The key to avoiding forward references is to use the .org directive that is intended for setting the assembly origin. Consider the following:

        -- some code --
bplace:
        .org    .+4     @ reserve space for the b instruction
        -- more code --
there:
        .org    bplace  @ go back to fill in missing code
        b       there   @ the forward branch
        .org    there   @ resume normal assembly
        -- yet more --

This is evil code, but it does eliminate the need for forward references. It is also illegal under the rules of as because as forbids the use of .org directives that decrement the location counter. This is annoying, but then, as does support forward references, so we don't really need to use this trick.

Actually, many assemblers work perfectly well with this code even though they output error messages. The prohibition against decrementing the location counter is because the author of the assembler didn't want to guarantee the correct result, but in many cases, the actual implementation works just fine because the assembler does what you'd expect even while it is outputting an error message.

Note one other thing: The resulting object code is full of hesitations as the location counter is set and reset. Typical object codes consit of a sequence of blocks, with each block headed by a load address, so the loader reads the object file one block at a time, storing it starting at the indicated memory address. Direct-memory-access I/O devices allow the actual copying of each block into RAM to be done by a single DMA operation, but the software may have to interfere at the start of each block. Furthermore, blocks may have to be stored on disk so each block begins on a sector boundary. The net result is that it is far more efficient to load a program as one big block than it is to load it as a sequence of little blocks.

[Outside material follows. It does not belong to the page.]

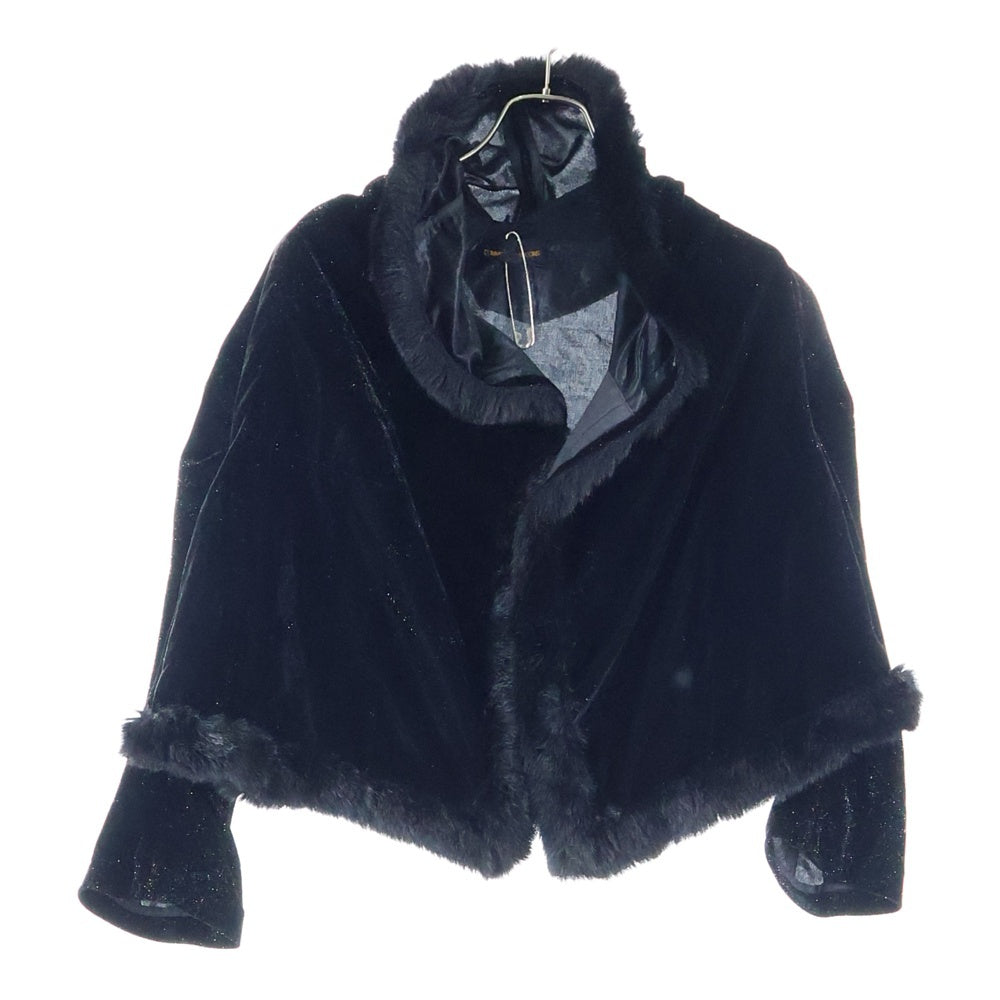 COMME des GARCONS(コムデギャルソン) 99AW ラメベロア ファー付き 長袖 ポンチョジャケット ブラック レディース GJ-040600 AD1999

Of course, the linker could take the output of the assembler and linearize it, weaving the blocks together into the correct order. If the object code is stored on a random-access disk file, complete sorting of the blocks and concatenation of those blocks that are to be loaded into consecutive memory locations requires only two passes. The first pass makes an index of the blocks and their starting addresses on disk and the memory addresses where they are to be loaded. This index is then sorted by memory address, and then the blocks are copied to the output file in order by memory address.

Case-select Jump Tables

Compiling a case-select statement can be done with methods similar to those described above. Consider this example:

select i from
case 1:
    -- some code
case 2:
    -- more code
end

An assembly language programmer intent on writing equivalent machine code might write this:

        ldr     r3,[fp,#i]      @ get operand i (a local var)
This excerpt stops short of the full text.